Mumford se mostró especialmente crítico con el concepto, tan en boga en la actualidad, de “unidad nacional”. Un término, el de nación, “tan vago y contradictorio, que siempre debe tomarse en un sentido místico, como significando lo que las clases gobernantes quieren que signifique en determinado momento”. Desde un punto realista, las naciones, no son otra cosa que “una tentativa para hacer que las leyes, las costumbres y creencias de una sola región o ciudad sirvan de modelo de muchas otras regiones”. En el caso de España resulta evidente, tal y como señaló Ortega y Gasset en “La España Invertebrada ”, que “España es un cosa hecha por Castilla”, a su imagen y semejanza, añadimos nosotros.

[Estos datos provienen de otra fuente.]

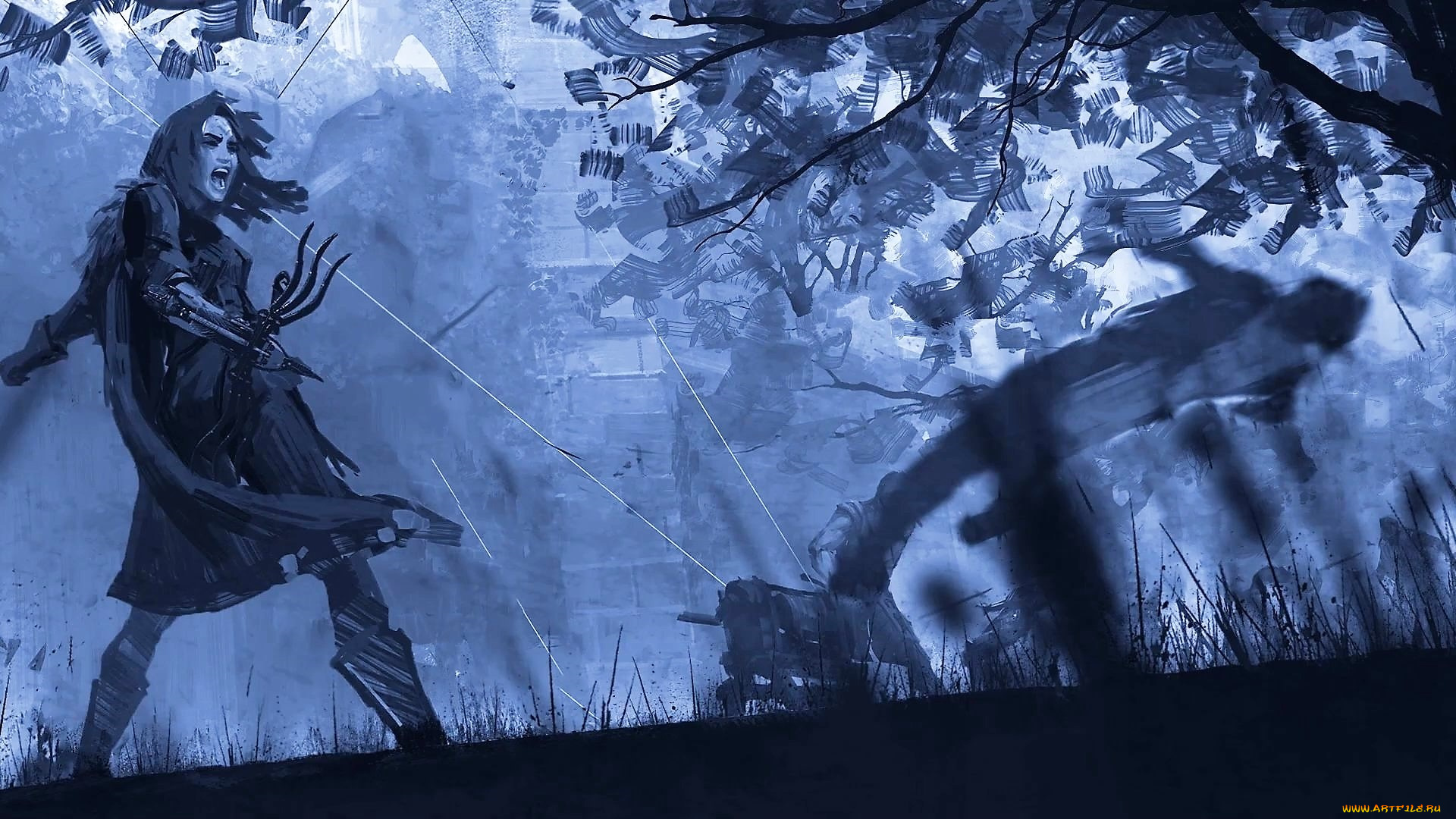 видео, игры, hood, , outlaws, &, legends, девушка, оружие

Como acertadamente expuso Mumford, una unidad nacional, como la pretendida en España, “no se forma como consecuencia de movimientos de opinión espontáneos y afiliaciones naturales, debe ser constantemente estimulada por el esfuerzo deliberado: la doctrina en las escuelas, la propaganda en la prensa, las leyes respectivas, la extirpación de dialectos y lenguajes rivales, ya sea mediante una orden o la burla, o por la supresión de las costumbres y privilegios de las minorías”. Esta estrategia fue desplegada por el franquismo durante cuarenta años en un doble sentido: en la construcción del nacionalismo español y en la aniquilación del sentimiento nacionalista en determinadas regiones de España, principalmente en Cataluña y en el País Vasco. Todo con el único objetivo de crear UNA España, grande y libre, por la gracia de Dios.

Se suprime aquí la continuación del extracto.